- The paper introduces UFT, a unified fine-tuning paradigm that merges supervised and reinforcement methods to overcome overfitting and exponential sample complexity.
- It demonstrates polynomial convergence efficiency on long-horizon reasoning tasks, with empirical validation across benchmarks like Countdown, MATH, and logic puzzles.
- The methodology shows UFT’s adaptability by matching or surpassing traditional methods for various model scales, as evidenced by experiments on Qwen2.5 and Llama.
UFT: Unifying Supervised and Reinforcement Fine-Tuning
The paper "UFT: Unifying Supervised and Reinforcement Fine-Tuning" presents a novel post-training paradigm for LLMs that integrates supervised fine-tuning (SFT) and reinforcement fine-tuning (RFT) within a single framework titled Unified Fine-Tuning (UFT) (2505.16984). This approach aims to address the limitations associated with both SFT, which often leads to overfitting in larger models, and RFT, which can suffer from exponential sample complexity, especially in long-horizon tasks.
Methodology
UFT is designed to optimize the strengths and mitigate the weaknesses of both SFT and RFT. It achieves this by creating a unified training process that effectively combines supervised learning feedback with reinforcement learning's exploration capabilities. The process enables models to better explore solution spaces while still receiving guidance from correct reasoning trajectories, which is especially beneficial for training models on long-horizon reasoning tasks.

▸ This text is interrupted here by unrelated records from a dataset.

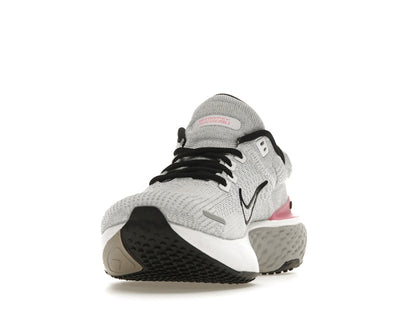 Nike ZoomX Invincible Run Flyknit 2 Light Smoke Grey Hyper Pink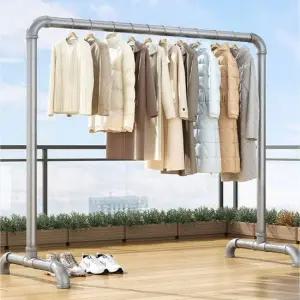 행거 옷걸이 옷장 옷방 매장 이동식 매장용 파이프 의류 고정식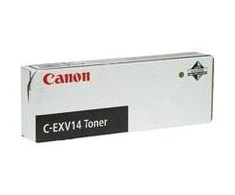 Dažomieji milteliai CANON C-EXV14/1, Juoda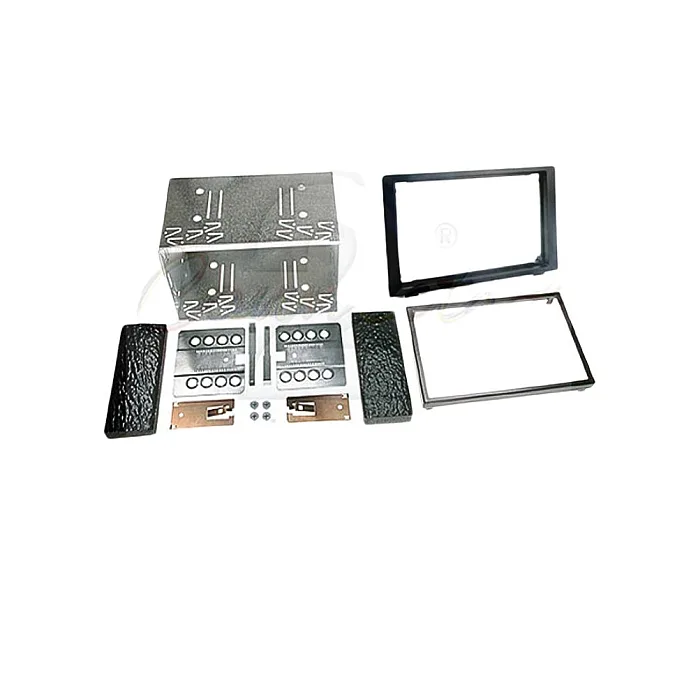 Connects2 CT23SA03 - Saab 9-3 (2006-2014) Black Double Din Fascia Fitting Kit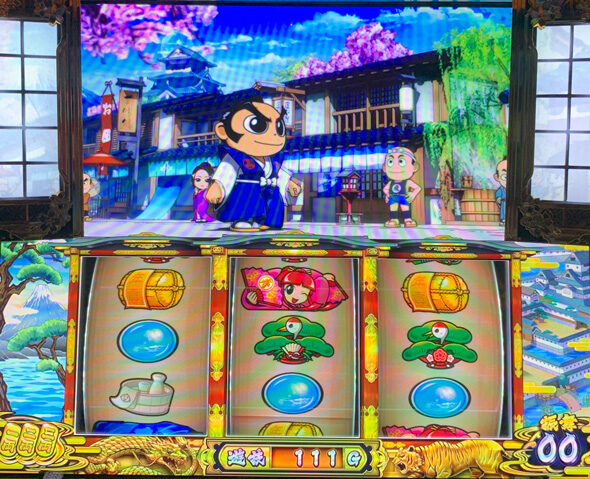 吉宗RISING 通常時のゲーム性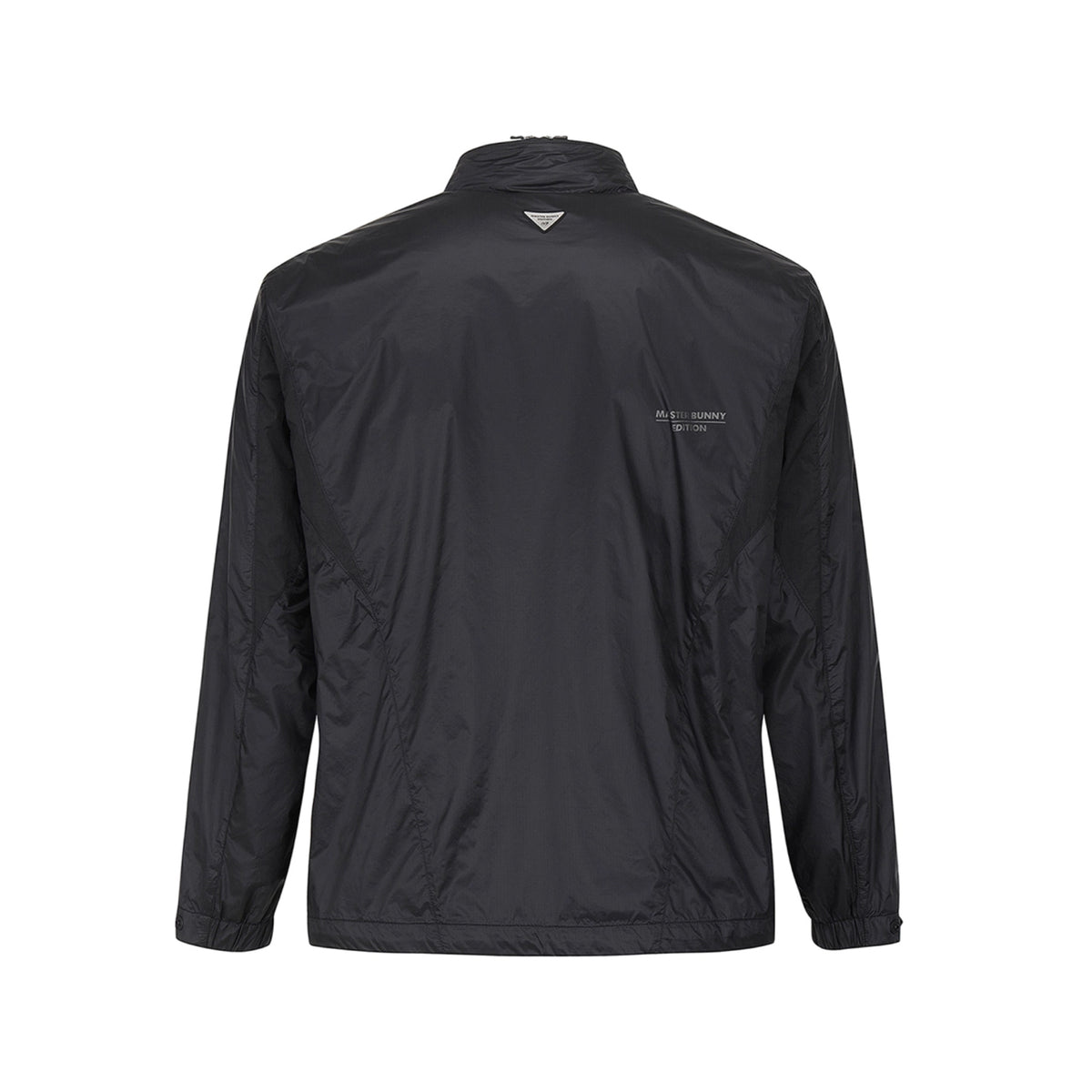Master Bunny Edition Men's Windbreaker - Black - Erthe Golf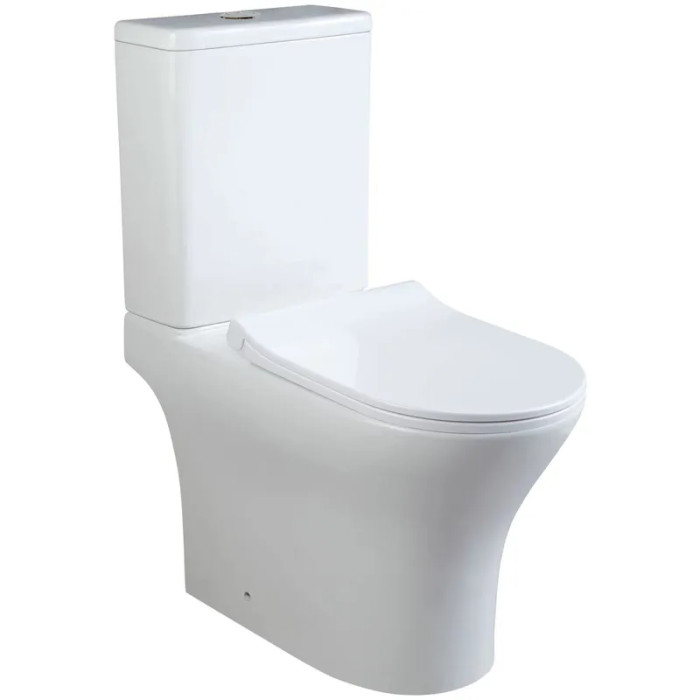 Унітаз-компакт Mixxus WAVE-0402-T3 650x350x830мм система змиву TORNADO 3.0 (MI7037)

Figure 1: An illustration of SFT, RFT, SFT-RFT, and UFT (top left, top right, middle, bottom) strategies.
UFT also claims to break through RFT's exponential sample complexity bottleneck, showing more polynomially efficient convergence, thus offering a theoretical improvement over conventional RFT approaches.
Theoretical Insights
One of the significant theoretical contributions is showing that UFT can achieve a polynomial sample complexity on reasoning tasks with long horizons. This proves that UFT is capable of exponential speed-ups compared to traditional RFT methods. The theoretical foundations of UFT are built on optimizing a combination of reward optimization and log-likelihood maximization, which allows the model to learn and generalize effectively across both small and large model scales.
Empirical Validation
The experimental results demonstrate UFT's efficacy across various benchmarks, including Countdown, MATH, and logic puzzles. For smaller models, UFT bridged the performance gap between SFT and RFT, delivering superior results when memorization was significant. In contrast, for larger models, UFT achieved performance levels comparable to RFT, indicating its ability to generalize effectively without overfitting.
Figure 2: Presentation for different algorithms' accuracy when trained on Countdown.
The experiments involved training models like Qwen2.5 and Llama across various tasks and model scales, consistently showing that UFT outperformed or matched existing methods. This robustness highlights UFT's adaptability to different model sizes and domains.
Conclusion
The introduction of UFT represents a significant step in integrating supervised and reinforcement learning methods for post-training on LLMs. Its theoretical and empirical advancements suggest potential efficiency and performance gains, especially in tasks requiring extensive reasoning and generalization. While the current study leverages human-annotated solutions and focuses on specific reinforcement algorithms, further research may explore the integration of more advanced fine-tuning techniques and reinforcement learning strategies. The evidence indicates that UFT provides an advantageous compromise, improving sample efficiency while accelerating learning convergence, which could facilitate substantial advancements in LLM performance across varied reasoning tasks. Future work may also explore aligning training methodologies with emerging trends in LLM pretraining to further leverage prior knowledge and enhance reasoning capabilities.